La guerra contra la droga está claramente relacionada con la guerra contra el
terrorismo, y con el empleo de cualquier medio que sea necesario para combatir
a un demonio conceptual.
Desafío
al Estado
El
conflicto mexicano pasa por la política de modos muy peculiares, suscitando
respuestas de todos los sectores estadunidenses, desde los lobbies
armamentistas y los grupos anti-inmigración hasta los críticos de la política
exterior y los defensores de la legalización de la droga. Expresiones como
“insurgencia criminal” invariablemente enfurecen o satisfacen a determinados
grupos de interés en el debate. Pero sea cual sea la política, es necesario
entender la amenaza que vive México. Los cárteles se han transformado en
organizaciones con una capacidad de violencia que rebasa la de los criminales y
entra en el reino de la seguridad nacional. El argumento de que los gángsteres
no quieren apoderarse del palacio presidencial no reduce la amenaza. Hay muchos
grupos insurgentes clásicos que no han tenido intención de tomar el poder. Se
estima que Al Qaeda no tiene en Irak más de un millar de combatientes y que no
tiene ninguna posibilidad real de derrotar al gobierno. A pesar de lo cual
lanza bombas contra soldados y civiles pensando en fines globales. El Ejército
Republicano Irlandés o los separatistas de ETA tampoco tenían ninguna
posibilidad de hacerse con el poder, pero luchaban como una forma de presión.
(…)
El
Diccionario de la Real Academia Española define la insurgencia como un
“levantamiento contra la autoridad”. Podemos suponer que para que haya un
auténtico “levantamiento” tiene que ser por la fuerza de las armas y no
mediante protestas pacíficas. ¿Encaja en esta definición el narcotráfico?

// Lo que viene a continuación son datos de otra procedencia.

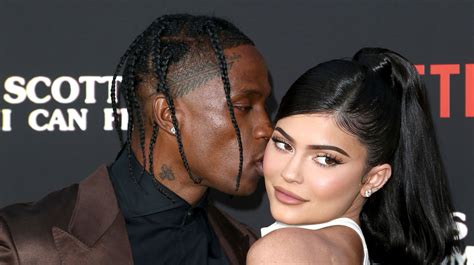 Kylie Jenner Posts a Cryptic Quote, Days After Her Breakup | Kylie Jenner, Travis Scott | Just ...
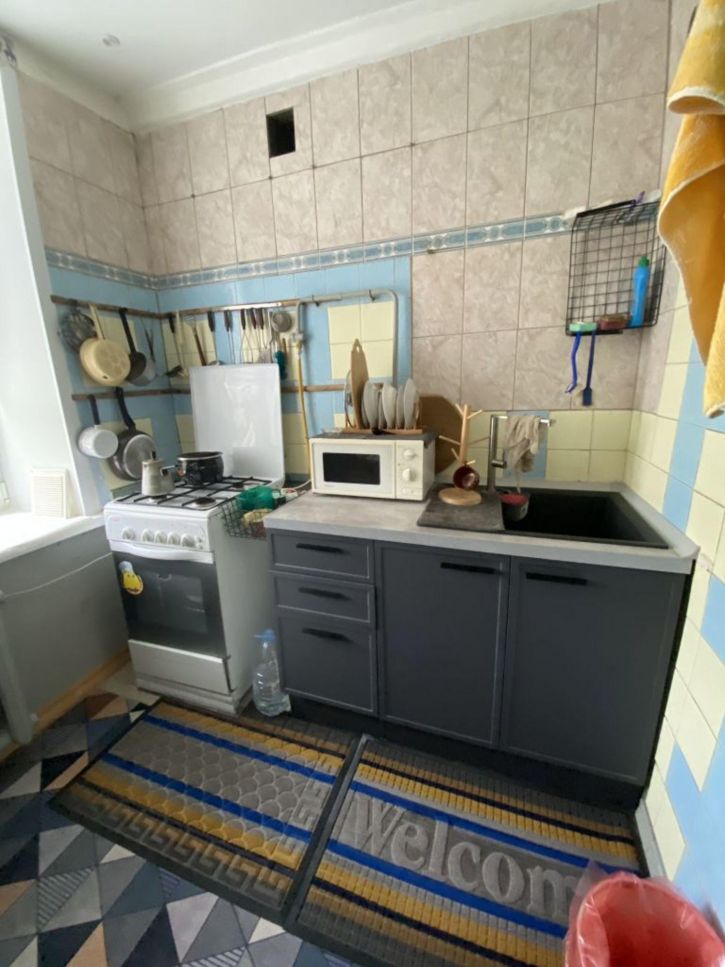 2-комн квартира Речной пр-кт, 14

Algunos gángsteres, ciertamente sí. No son forajidos típicos que disparan a un
par de policías y salen corriendo. Su levantamiento contra la autoridad civil
comporta ataques de más de 50 hombres contra cuarteles del ejército; atentados
contra políticos y policías de alto rango, y secuestros en masa de 10 o más
policías y soldados. ¿Quién dirá sin sonrojarse o sin reírse que no estamos
hablando de un serio desafío al Estado?